Javanese principality in the 16th and 17th centuries

The Duchy of Surabaya (Indonesian and Javanese: Kadipaten Surabaya) was a Javanese principality centered in Surabaya, on the northeastern coast of Java (in today's East Java, Indonesia), that existed as an independent polity from c. 1546 to 1625. It became independent following the disintegration of the Demak Sultanate, and by the beginning of the 17th century had become the leading power in east Java and the most important port on Java's northeastern coast. Subsequently, it entered into decades of conflict with the Mataram Sultanate that ended in the victory of Mataram and the fall of Surabaya in 1625.

== History ==
The Portuguese writer Tomé Pires mentioned that a Muslim lord was in power in Surabaya in 1513 though likely a vassal of the Hindu–Buddhist Majapahit. At that time, Surabaya was already a major trading port, owing to its location on the River Brantas delta and on the trade route between Malacca and the Spice Islands via the Java Sea. During the decline of Majapahit, the lord of Surabaya resisted the rise of the Demak Sultanate, and only submitted to its rule in 1530. Surabaya became independent after the death of Sultan Trenggana of Demak in 1546. There is a dearth of historical records about the duchy in the second half of the 16th century. In 1589 Surabaya led other east Javanese principalities in opposing the Pajang Sultanate, Demak's successor state, in Japan (today's Mojokerto), thereby stopping Pajang's eastward expansion. Javanese historians said that a holy man, a descendant of Sunan Giri, convinced the opposing sides to return without a battle.
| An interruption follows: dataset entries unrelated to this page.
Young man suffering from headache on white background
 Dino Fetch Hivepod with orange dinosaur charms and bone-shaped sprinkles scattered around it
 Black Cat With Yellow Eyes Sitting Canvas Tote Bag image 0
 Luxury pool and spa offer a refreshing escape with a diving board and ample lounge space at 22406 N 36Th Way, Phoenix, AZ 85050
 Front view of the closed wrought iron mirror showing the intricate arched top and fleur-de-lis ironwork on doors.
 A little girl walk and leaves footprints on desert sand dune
Dutch historian H. J. de Graaf wrote that in the second half of 16th century, the court of Surabaya became a centre of culture and Islamic Old Javanese literature, as opposed to the "upstart" central Javanese courts such as the Pajang and Mataram Sultanates.

In the early years of the 17th century, Surabaya, allied with Pasuruan, expanded its influence throughout eastern Java. It became the most powerful state in east Java, rivalling the Mataram Sultanate in central Java. By 1622 it was in control of Gresik and Sedayu in eastern Java. It was also the overlord of Sukadana and Banjarmasin in southern Borneo. More doubtful reports said it might have also extended its influence to Pasuruan and Blambangan (both in the eastern salient of Java), the Brantas valley region, and Wirasaba. Surabaya formed and led an alliance of eastern Javanese principalities, primarily in response to the growing power of Mataram. Other than Surabaya and its subordinate areas, the alliance also included Tuban, Malang, Kediri, Lasem, all in eastern Java, as well as Madura off the northern coast.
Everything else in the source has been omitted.